Sexy, sexy, sexy und unwiderstehlich
Der Irrsinn um seine Sexyness begleitete ihn von Anfang an. Alles losgetreten hat damals der Erotik-Krimi «American Gigolo: ein Mann für gewisse Stunden» (1980). Danach etablierte Gere sich mit den nicht minder sinnlichen Streifen «Ein Offizier und Gentleman» (1982) und «Atemlos» (1983).

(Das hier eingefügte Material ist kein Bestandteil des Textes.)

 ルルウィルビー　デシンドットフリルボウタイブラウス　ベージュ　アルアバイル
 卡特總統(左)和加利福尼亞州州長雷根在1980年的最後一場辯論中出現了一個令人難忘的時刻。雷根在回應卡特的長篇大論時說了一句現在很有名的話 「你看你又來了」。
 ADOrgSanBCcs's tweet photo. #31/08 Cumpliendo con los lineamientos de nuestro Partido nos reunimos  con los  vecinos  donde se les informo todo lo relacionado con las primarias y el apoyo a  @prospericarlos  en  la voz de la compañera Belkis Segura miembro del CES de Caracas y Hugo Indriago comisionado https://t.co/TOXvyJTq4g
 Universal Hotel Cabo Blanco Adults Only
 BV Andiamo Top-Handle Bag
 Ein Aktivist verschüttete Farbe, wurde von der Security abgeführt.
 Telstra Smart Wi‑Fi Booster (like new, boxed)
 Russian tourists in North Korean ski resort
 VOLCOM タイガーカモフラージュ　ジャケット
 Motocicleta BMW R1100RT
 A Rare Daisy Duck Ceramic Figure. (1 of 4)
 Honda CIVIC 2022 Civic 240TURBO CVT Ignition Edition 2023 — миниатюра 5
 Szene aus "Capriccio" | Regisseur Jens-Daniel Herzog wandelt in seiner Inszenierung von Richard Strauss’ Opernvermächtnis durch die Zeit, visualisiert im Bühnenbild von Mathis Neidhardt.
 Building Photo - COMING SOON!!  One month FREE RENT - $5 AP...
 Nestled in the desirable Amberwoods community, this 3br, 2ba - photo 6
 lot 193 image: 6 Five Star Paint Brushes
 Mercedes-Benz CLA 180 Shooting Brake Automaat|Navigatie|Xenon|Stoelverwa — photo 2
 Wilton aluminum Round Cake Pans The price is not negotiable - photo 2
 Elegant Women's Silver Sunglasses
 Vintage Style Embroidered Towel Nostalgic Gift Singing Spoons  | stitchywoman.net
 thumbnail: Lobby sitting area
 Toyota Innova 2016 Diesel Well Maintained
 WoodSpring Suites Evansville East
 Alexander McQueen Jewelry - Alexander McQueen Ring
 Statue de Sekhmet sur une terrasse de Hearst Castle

Dass er später dann auch noch das Top-Model Cindy Crawford heiratete, liess ihn für viele Frauen nur noch begehrenswerter erscheinen. 1993 wurde das Traumpaar vom amerikanischen «People Magazine» als «Sexiest Couple» ausgezeichnet. 1999 holte er dann auch noch solo den Titel als «Sexiest Man».
Beim Treffen mit dem PRESTIGE-Reporter in einem noblen Fünfsternehotel am Zürichsee macht sich der Hollywoodstar über sein sexy Image lustig. «Ich wundere mich selber, dass man mir noch immer Rollen in romantischen Komödien anbietet. Das ist verrückt, nach so vielen Jahrzehnten», sagt er und schiebt hinterher. «Ich bin doppelt so alt, wie es für ein Sexsymbol üblich ist. Ich gehöre eigentlich ins Seniorenheim.»
Sein Image als Mister Perfect torpediert er auch mit einer kleinen Geschichte aus seinem Privatleben. «Ich schnarche, und das anscheinend schrecklich laut», gibt er zu. Erst kürzlich liess er sich ein spezielles Mundstück anfertigen, das die Luftröhre auch nachts offen hält. «Dieses Opfer nahm ich für meine Frau auf mich. Hätte ich das nicht getan, müsste ich jetzt in einem anderen Zimmer schlafen.» Mit dem Ex-Bondgirl Carey Lowell («Licence to Kill») ist er seit zehn Jahren verheiratet. Das Paar hat einen 12-jährigen Sohn namens Homer (benannt nach Geres Vater). Seine Frau begleitete ihn ebenfalls mit nach Zürich. Wie halten die beiden Vielbeschäftigten ihre Ehe am Laufen? «Auch wir haben Probleme. Aber ich habe gelernt, sofort darüber zu reden. Ausserdem bin ich ehrlich mit mir selbst und versuche, mich in andere Menschen einzufühlen. Das ist schwer, aber dafür sind wir auf der Welt. Es macht uns zu besseren Menschen.»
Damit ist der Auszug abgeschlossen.